EasyJet shares jumped by more than 3% after the airline reported headline pre-tax profit of £427m (€498m), in line with guidance.
That was down 26% from last year because of rising fuel prices and a tough operating environment.
The airline said that forward bookings for the first half of the 2020 financial year were “reassuring” and slightly ahead of last year.
EasyJet has said that uncertainty around the original Brexit date of March 29 affected trading in the first half of this year, but chief executive Johan Lundgren said he does not expect the revised Brexit date of January 31 to have the same impact.
“The situation has almost normalised,” he said. “People ... have lived with the fact that the deadline has been moved and people in a way are getting on with their lives.”
Analysts said consensus estimates for 2020 are unlikely to change, with upgrades of 5%-7% from a better pricing environment being “masked” by the spend on carbon offsetting.
EasyJet said it is implementing plans to become the world’s first major airline to operate with net-zero carbon across its flight network.
In addition to the plans to offset emissions from flying, the company also announced that it would launch EasyJet Holidays in Britain by Christmas, offering its own beach and city breaks after the demise of tour operator Thomas Cook.
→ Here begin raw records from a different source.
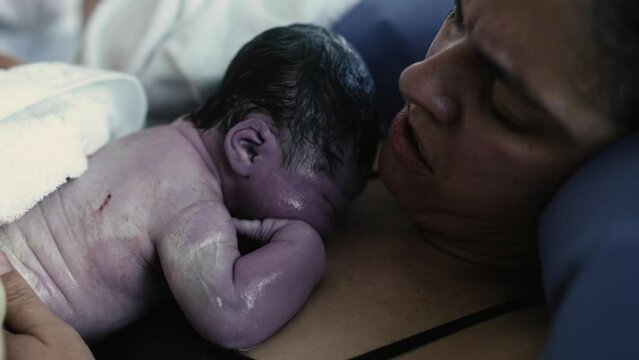 Childbirth moment - authentic pregnancy labor of newborn Baby resting on mother's chest after birth, new human coming to the world, happiness and pain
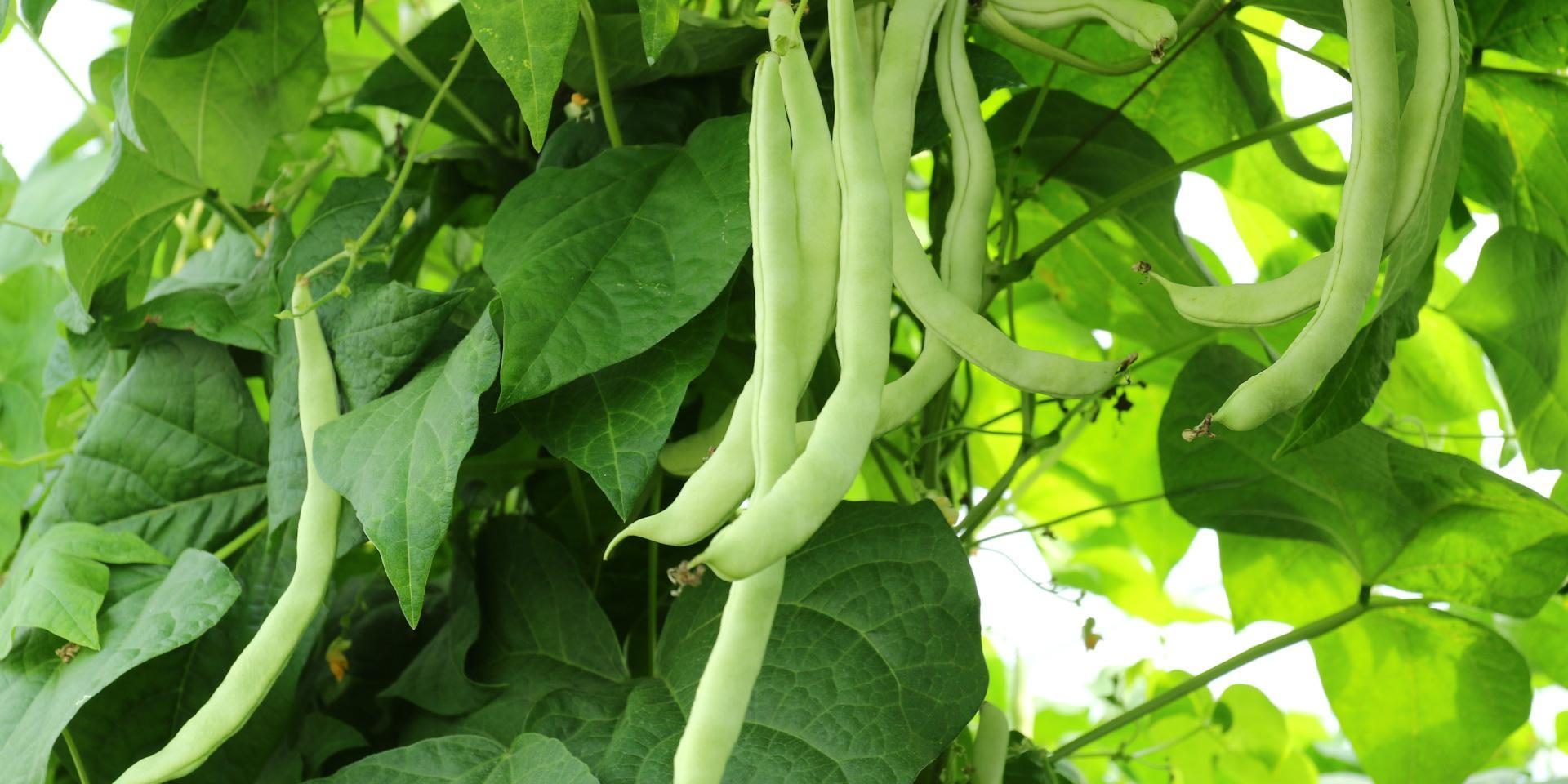 Green Beans Excellent Cultivation Techniques And Stable Price Trends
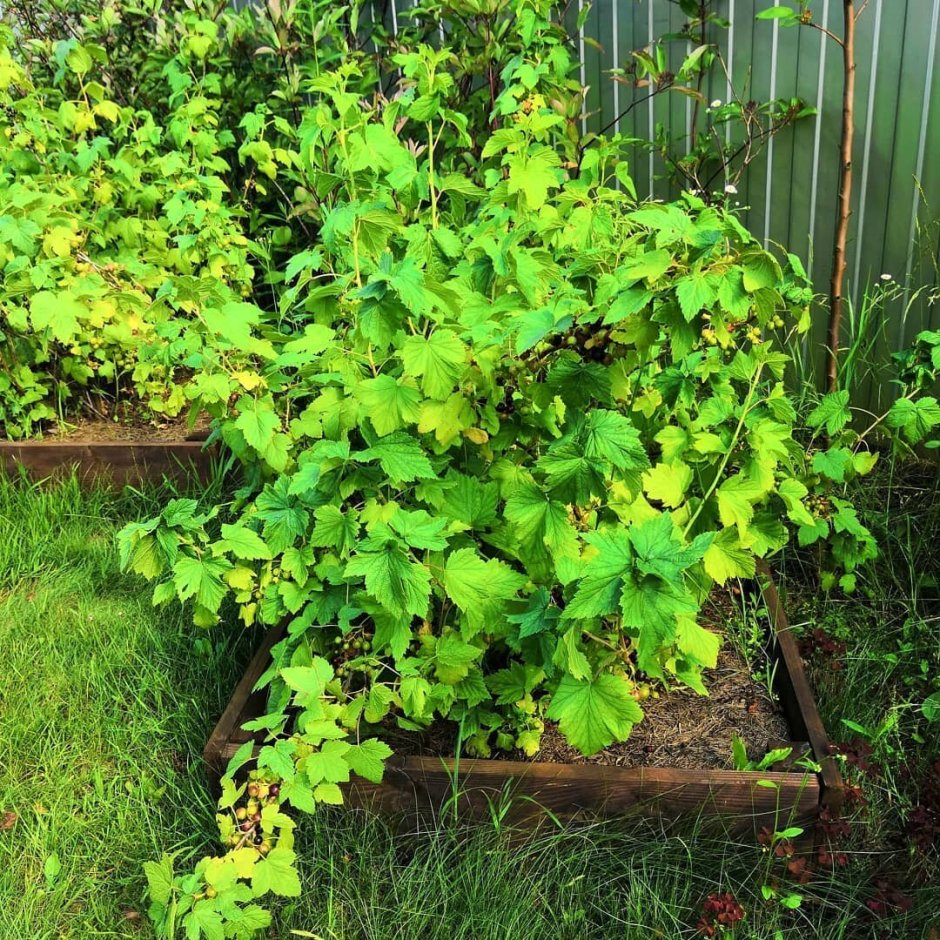 Йола куст смородины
The carbon offset programmes will cost about £25m (€29.2m) a year, with the offsetting starting immediately, it said.
Airlines have come under increasing pressure to reduce emissions in the face of the growing “flight shame” movement.
“People are increasingly looking for companies to reduce their footprint on the environment, and this is an interim step,” Mr Lundgren said.
Aer Lingus and British Airways owner IAG has said it will carbon-offset its domestic flights, with international airlines collectively counting on a global carbon offsetting plan to cap CO2 emissions from air travel at 2020 levels.
Mr Lundgren said that EasyJet’s net-zero carbon plan was more cost-effective than if passengers took it upon themselves to offset their flights individually.